NOTE: I personally would not attempt stairs with this, so I can’t tell you how that works. I can go down the stairs in my apartment fine with the Tornado one step at a time, but I wasn’t sure about placing the MTip because of its shape and, more importantly, the momentum that the rocking motion might create. I’m not adventurous that way. Also, I don’t know if I’d be brave enough to use it in snow or slush (which the Tornado handles as well as possible) for the same reason.

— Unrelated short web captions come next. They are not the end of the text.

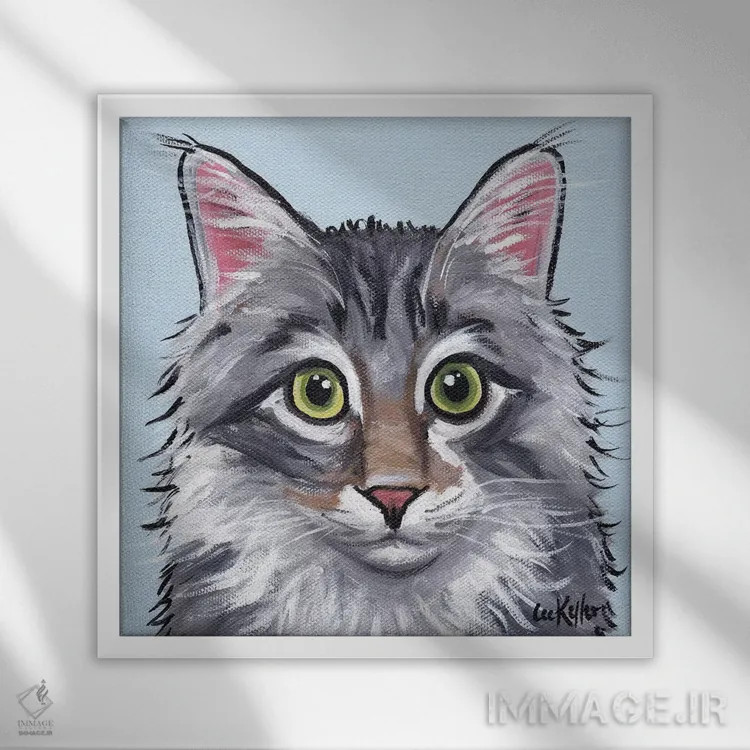 تابلو گربه دش اثر هیپی هاوند استودیوز (استودیو هنری) - نمای قابدار سفید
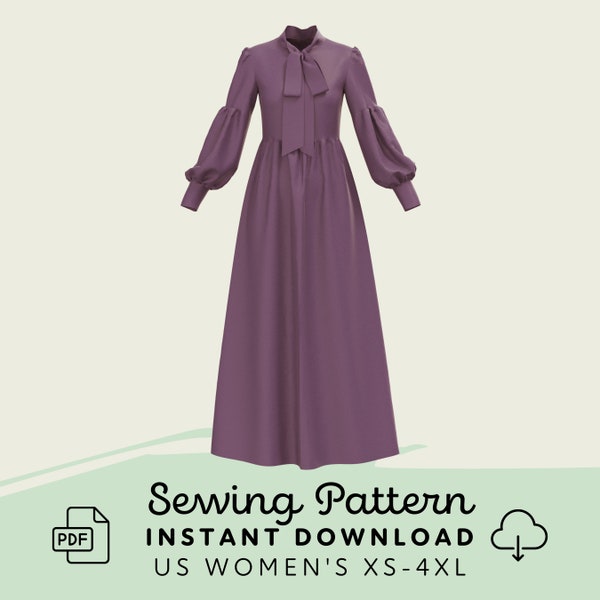 Bow Collar Dress Sewing Pattern | Womens XS-4XL Dress Pattern Digital Download PDF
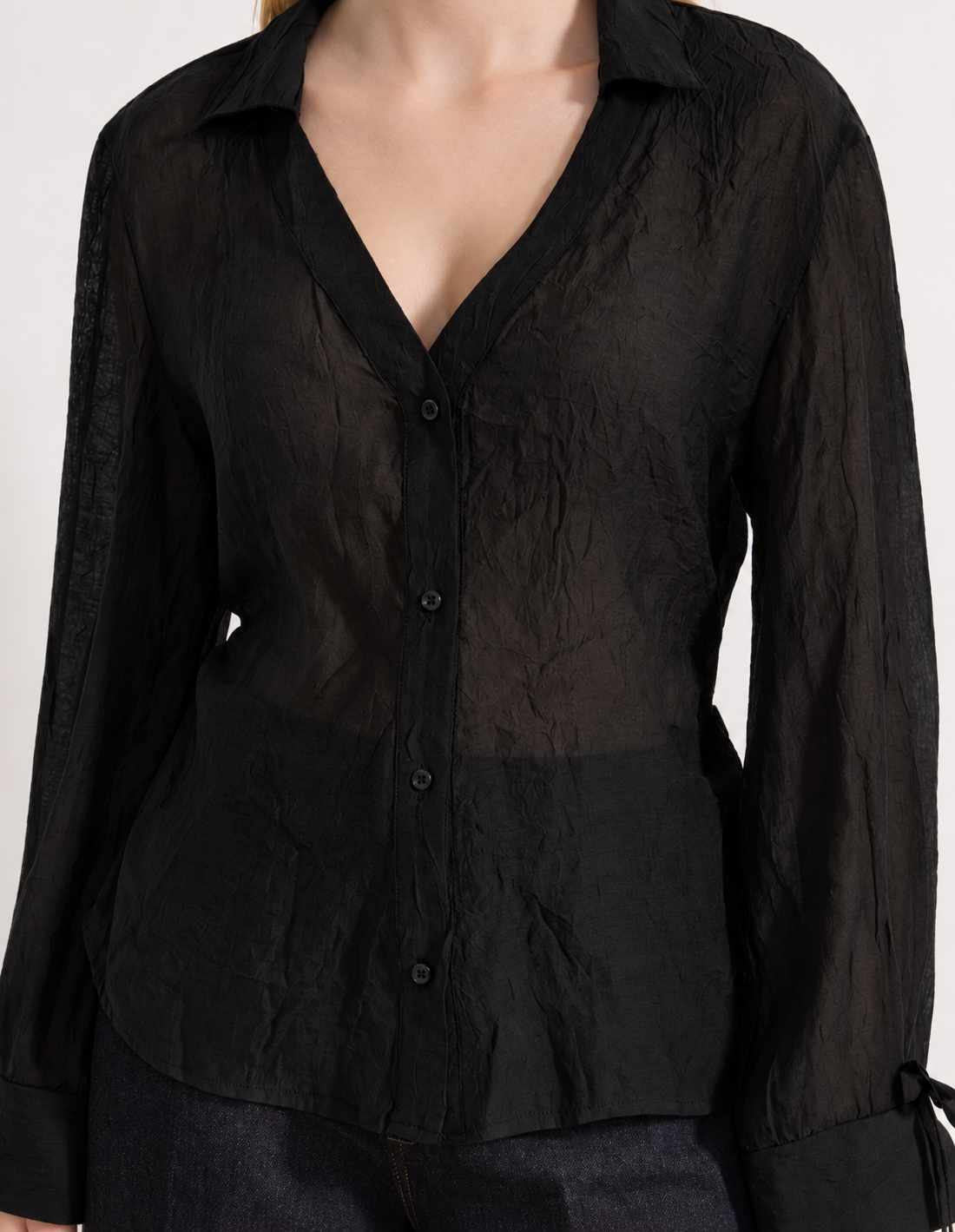 Black Sheer Button-Down Top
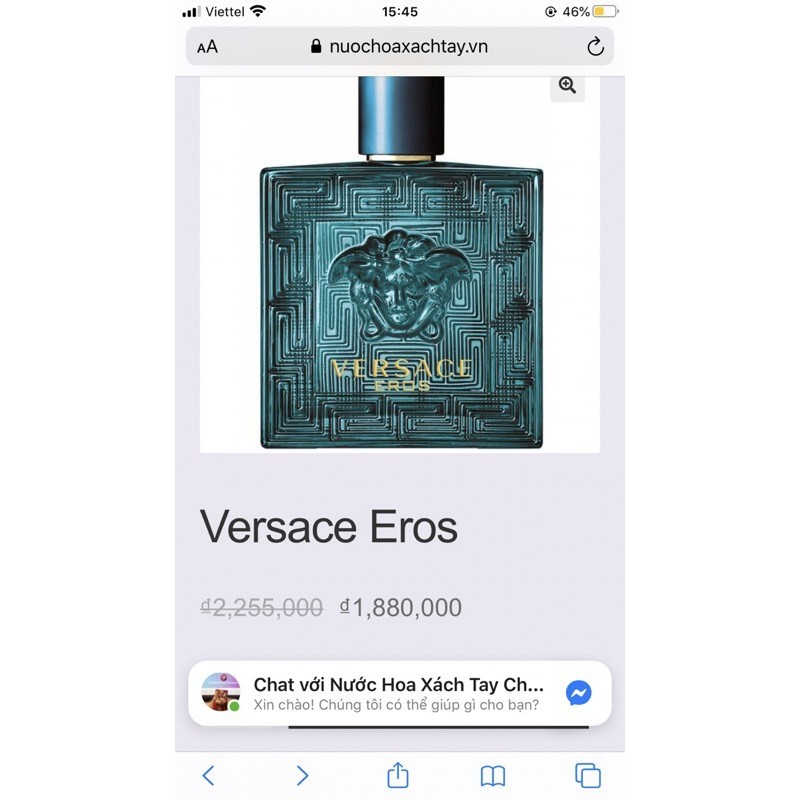 [Free Ship 70k] Nước Hoa Nam, Nước Hoa Versace Eros 100ml | Thế Giới Skin Care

Unfortunately, talking about impact and budget leads me to a caution. My Tornado Rain tips can last me six months to a year each, especially if I turn them periodically so the tread wears evenly. (Another way one handedness is handy–spares.) The tread does wear, of course, but it takes months. The last two Vs of tread on the MTip’s heel were gone in two days; the rubber is softer, I think. I do walk quite a bit on concrete. This may not be a problem depending on how you distribute your weight, but if you’re hard on your shoes like I am, the possibility of more frequent replacement might be a concern.
If you wanted to stretch the MTips longer, perhaps you could think of them as shoes. Tornado tips are like boots; perhaps MTips are more like sneakers. If they work for you, perhaps they could last longer if, like shoes, they were alternated according to purpose rather than being the everyday shoe. (This would, however, require having multiple shoes, which may be hard on the budget also.)
I’d been worried the MTip would be gimmicky–a lot of mobility aid proposals are–but walking with it felt interesting and surprisingly painless (after an initial soreness due to different impact levels and occasionallly missing the “spring spot”). If durability isn’t a concern, they might be worth checking out.